Below the buttons and switches sits the heart of the system, the JL Audio 13-and-a-half-inch subwoofer driver. From the front, the only evidence of its extraordinary design is the size of the surround and the fact that you cannot see the mounting screws. A look inside finds the JL Audio driver weighing in at 58 pounds. It has an astonishing four inches of linear excursion and a magnet structure to match. The die cast basket and the voice coil assembly are designed to absorb extremely high power. Unseen from the exterior are the patented innovations in the design that allow for the greatest linearity and silent air flow. The rear of the unit sports two huge vertical cooling fins on either side of the 2,500-watt amplifier. Between the fins are the inputs (Left and Right, Balanced and RCA), a Balanced Output to Slave, a Grounding Switch, an Input Mode Switch and the Line Power Input.

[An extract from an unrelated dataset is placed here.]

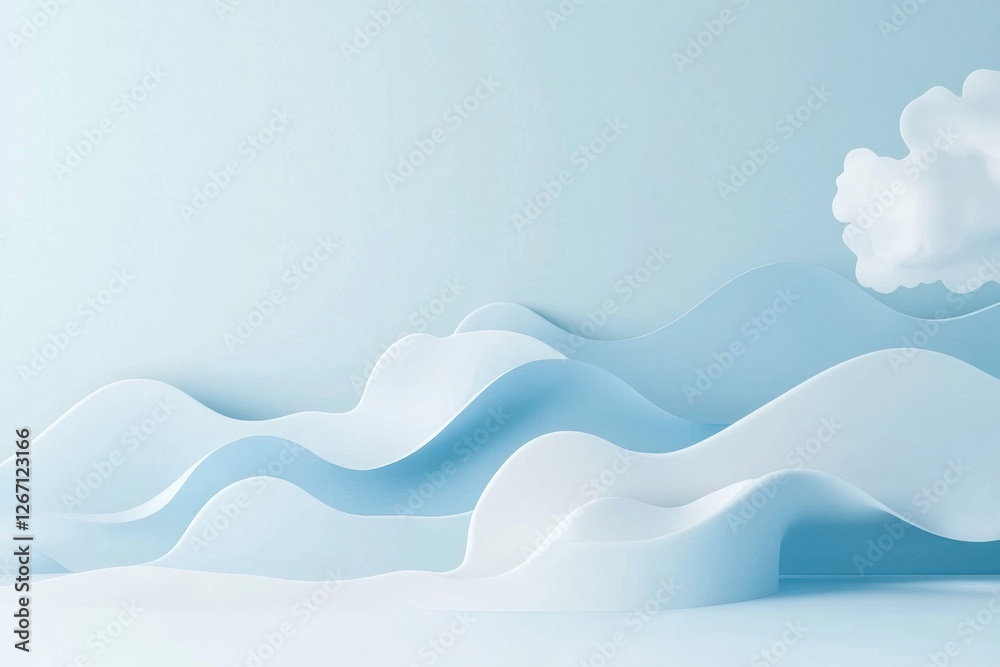 Aufkleber Soft blue wave shapes and fluffy cloud create a serene and minimalistic backdrop for creative designs. Generative AI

While it is common for people to corner load subwoofers, I preferred the Fathom 113 right between my monitors. Corner mounting augments the deep bass, but there was no lack of deep bass in the center position; at the same time, the central location provided improved melding and speed. I tried the Fathom both with its internal filter and through my DEQX-based Wasatch Acoustics processor/crossover. When using the Wasatch crossover, the crossover frequency was 100 Hz and the slope was 60 db per octave. No processing was applied, and the Automatic Room Optimization system was on in both cases. Operating the Automatic Room Optimization system was simple. I plugged in the microphone, placed it in the listening position and pressed calibrate. The system did the rest, although it did take a couple of tries to get the test level to the acceptable range. It was then only a matter of listening to music and adjusting the listening level. High-quality bass is intoxicating, so it took me a while to be sure I had it just where I wanted it. It was not long before the Fathom 113 melded into my Wasatch Musina 2.0 monitors seamlessly and provided an astonishing feeling of power and size. The internal LP filter sounded best at 24 db per octave and 50 Hz. While the filter did an excellent job, I found the melding and speed somewhat better using the Wasatch as a crossover.